Sandy Praeger: Eliminating underwriting will help simplify process

Sandy Praeger

Sandy Praeger, Kansas insurance commissioner

“Our current health care system, I think, from a cost standpoint, is just unsustainable,” Praeger said.

She said as health costs continue to climb, more people are dropping coverage, which drives up health insurance costs. It’s a spiral that Praeger says can’t continue.

“We’ve got to find a way to get everybody covered and we’ve got to find a way to get the costs under control,” she said. “It means everybody has got to be working together on this.”

She said there are many ways to reduce costs. One is converting medical records from paper to electronic, so information can be transferred easily among health care providers. That reduces tests and office visits.

“That’s just one little piece of it,” she said.

Praeger also said, “If everybody has coverage, they are going to get health care at the appropriate time before they get really sick and in the appropriate location — a doctor’s office versus an emergency room. So, that will help control costs.”

She said more than 50 percent of health care costs are the result of preventable diseases related to bad lifestyles.

“We all have to take personal responsibility to eat right,” she said.

She said the most important component that is being discussed in Washington, D.C., is getting rid of health underwriting, which is the information insurers use to determine the likelihood that someone might file a claim. Such information can include age, pre-existing conditions and occupation.

Praeger said her office often deals with cases where insurance is rescinded because the company digs into someone’s medical history and finds something that he or she didn’t report — although it was an honest mistake on the consumer’s part. If you get rid of underwriting, that problem no longer exists.

“Getting rid of health underwriting would be just a huge step forward in terms of simplifying the process.”
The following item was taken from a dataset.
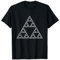 Sierpinski-Dreieck T-Shirt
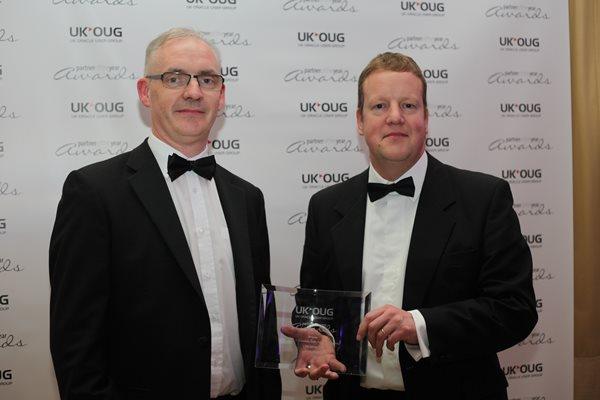 UKOUG awards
To do that, Praeger said everybody needs to provide health insurance for their families before they have an illness, just like the need to buy homeowner’s insurance before the house is burning. That gets more premium dollars into the system.

An insurance mandate would have to include subsidies for low-wage people, she said.

Also, Praeger said she hopes the federal government doesn’t take over regulation of health insurance.

“As a state regulator, I think our ability to intervene on behalf of those consumers is much more effective than if it’s done at the federal level,” she said. “So, while I think some of these reforms need to occur at the federal level, I think companies still need to be licensed and regulated at the state level because I just think that’s more effective at protecting consumers.”